- **TO DO**: From the line that contains "Blue & White" through the closing line of the entries, write out each line exactly; pictures stay out.

══ EXERCISE INPUTS

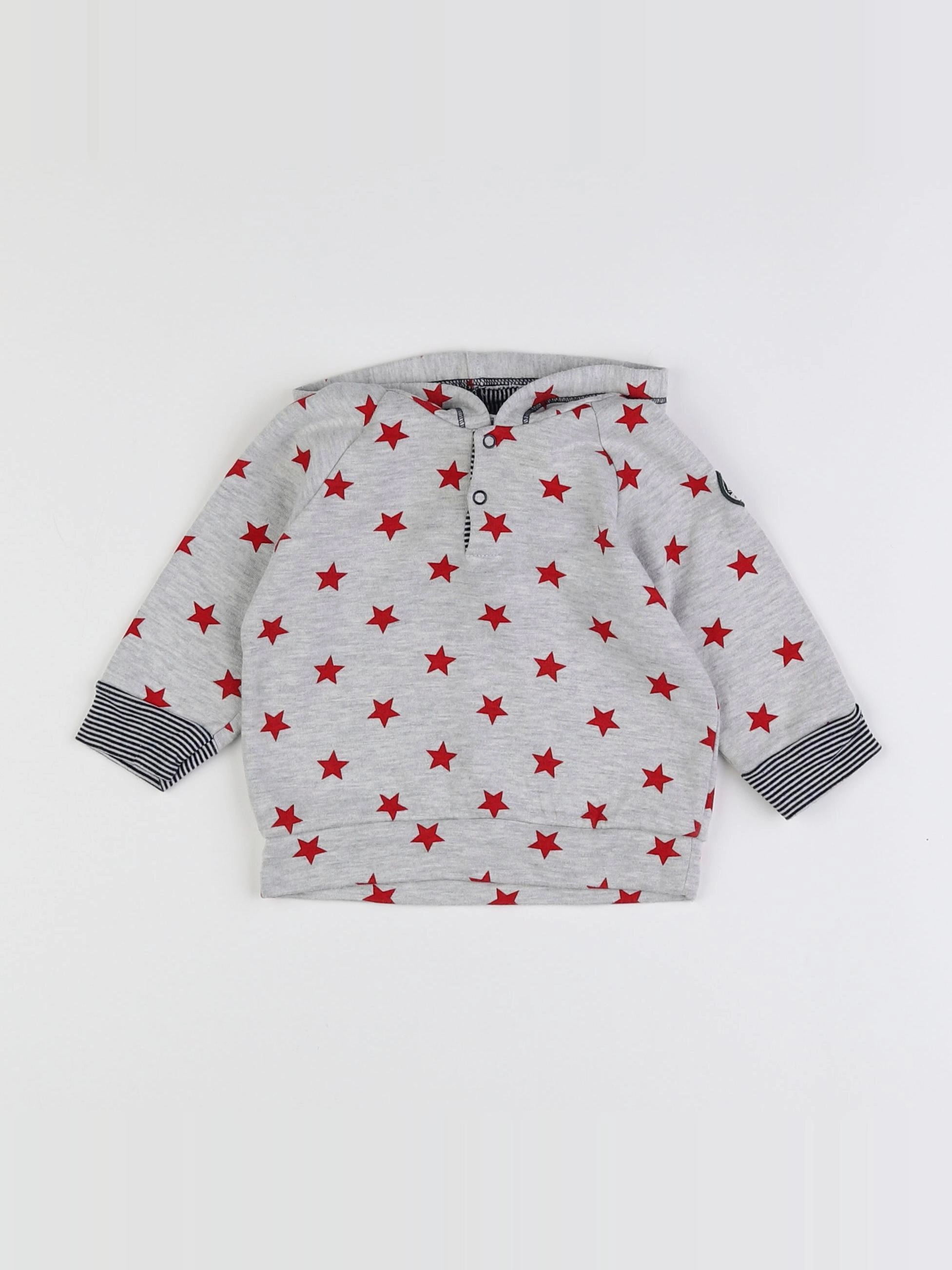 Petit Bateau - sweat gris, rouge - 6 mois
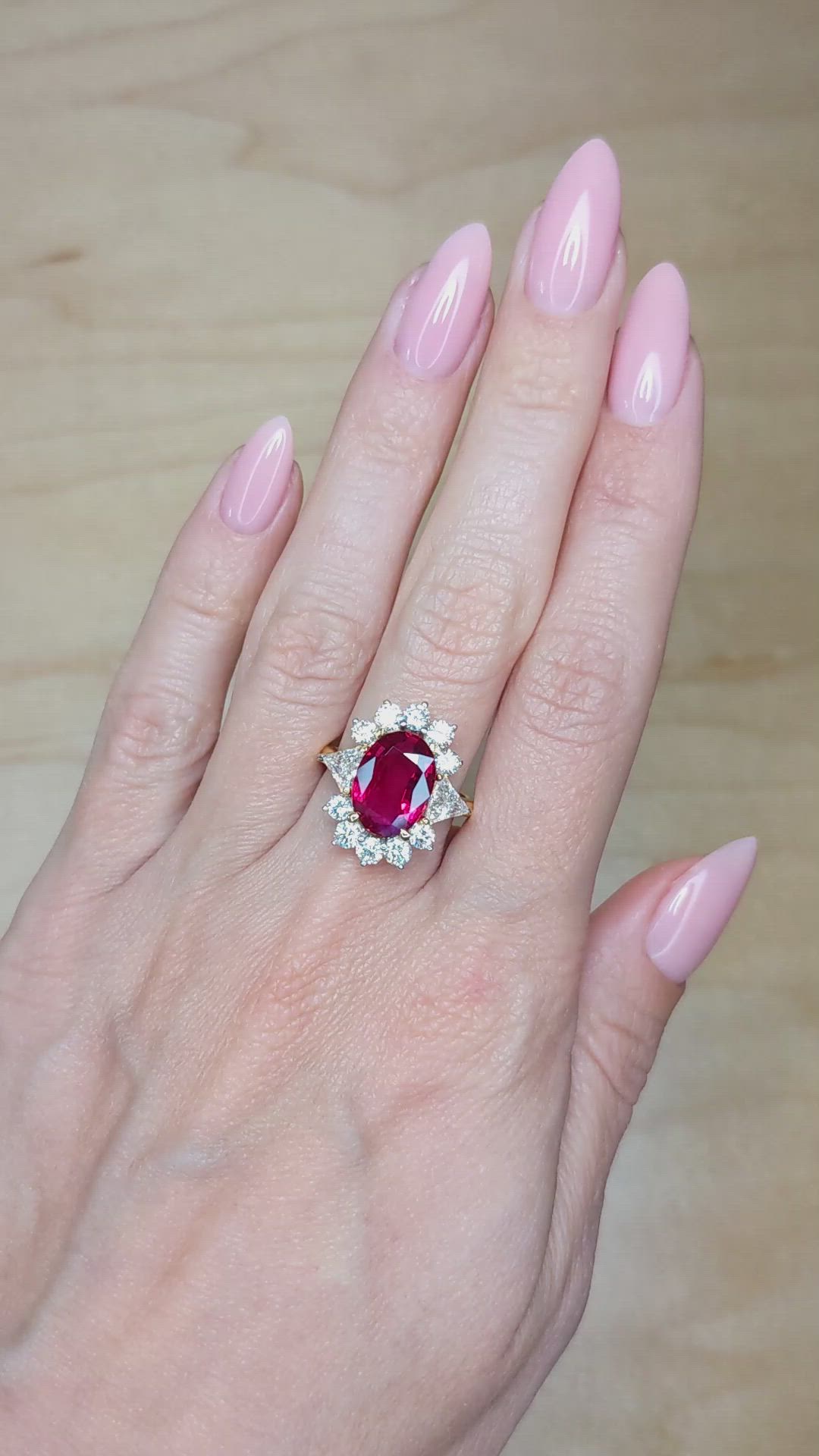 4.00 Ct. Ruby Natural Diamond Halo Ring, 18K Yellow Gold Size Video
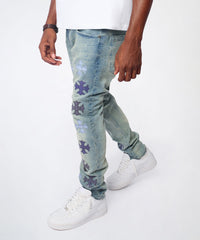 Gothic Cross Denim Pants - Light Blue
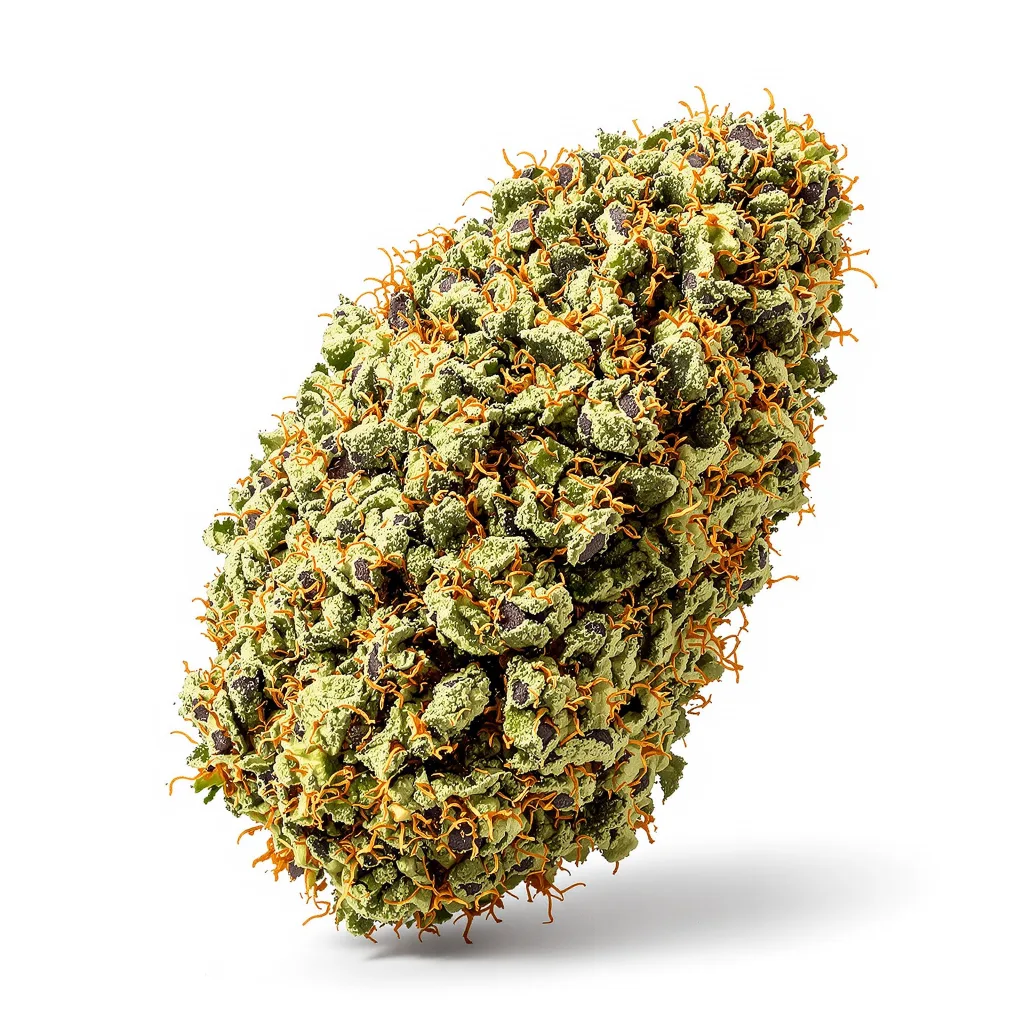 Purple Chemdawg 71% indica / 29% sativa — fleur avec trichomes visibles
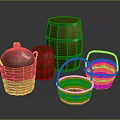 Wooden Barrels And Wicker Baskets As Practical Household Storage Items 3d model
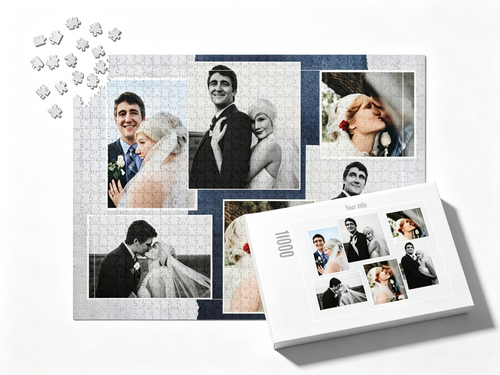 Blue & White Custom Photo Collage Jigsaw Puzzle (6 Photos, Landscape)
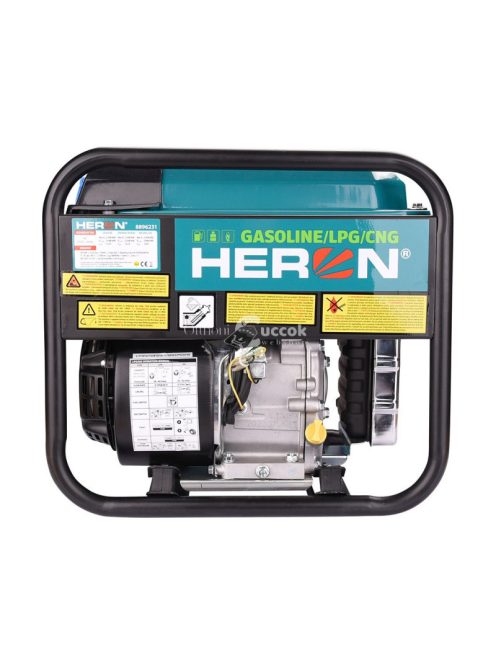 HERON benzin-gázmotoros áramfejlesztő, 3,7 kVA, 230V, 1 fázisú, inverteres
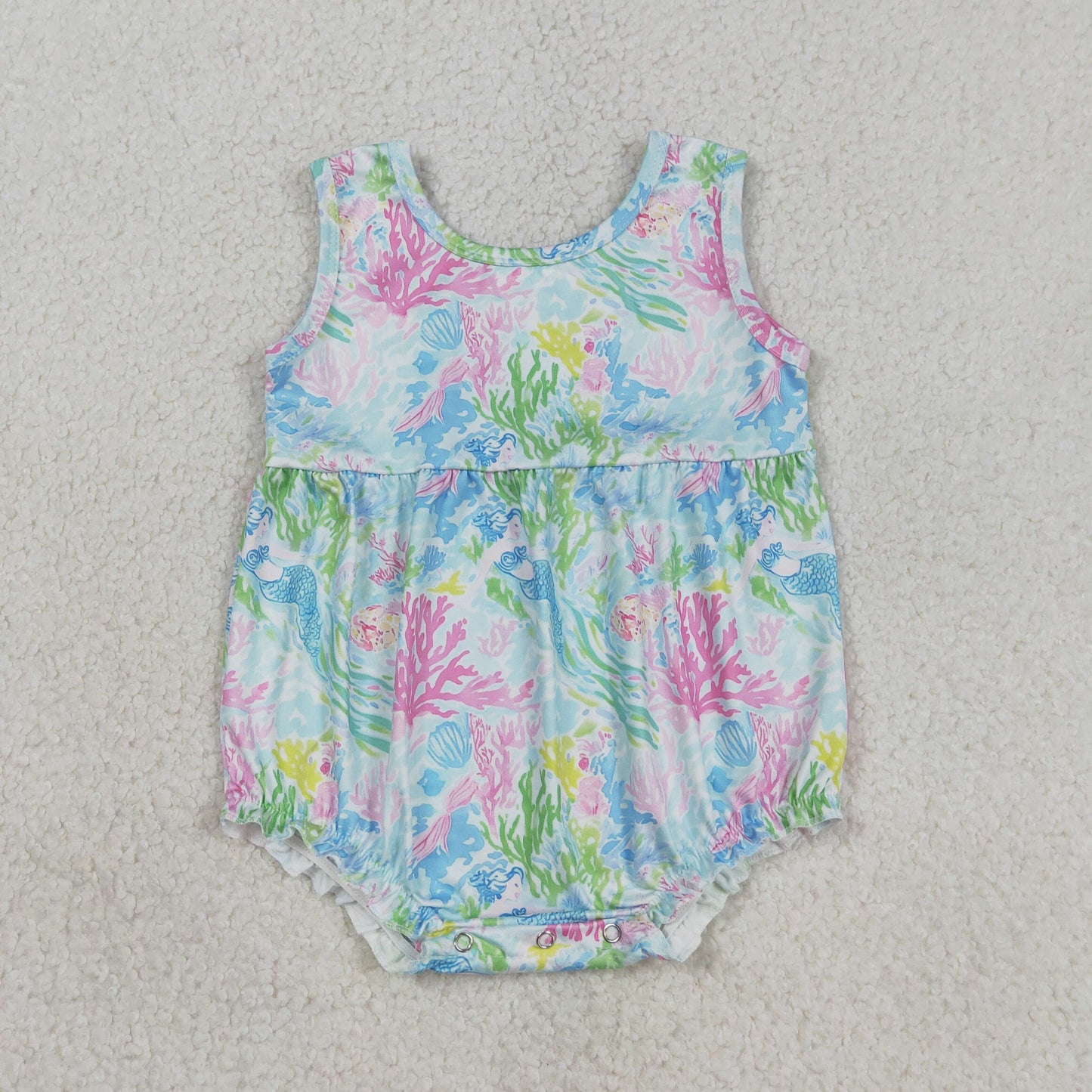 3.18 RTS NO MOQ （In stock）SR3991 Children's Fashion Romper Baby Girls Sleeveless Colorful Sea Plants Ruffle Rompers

════

- **EXPECTED ANSWER**:
 Blue & White Custom Photo Collage Jigsaw Puzzle (6 Photos, Landscape)
 HERON benzin-gázmotoros áramfejlesztő, 3,7 kVA, 230V, 1 fázisú, inverteres
 3.18 RTS NO MOQ （In stock）SR3991 Children's Fashion Romper Baby Girls Sleeveless Colorful Sea Plants Ruffle Rompers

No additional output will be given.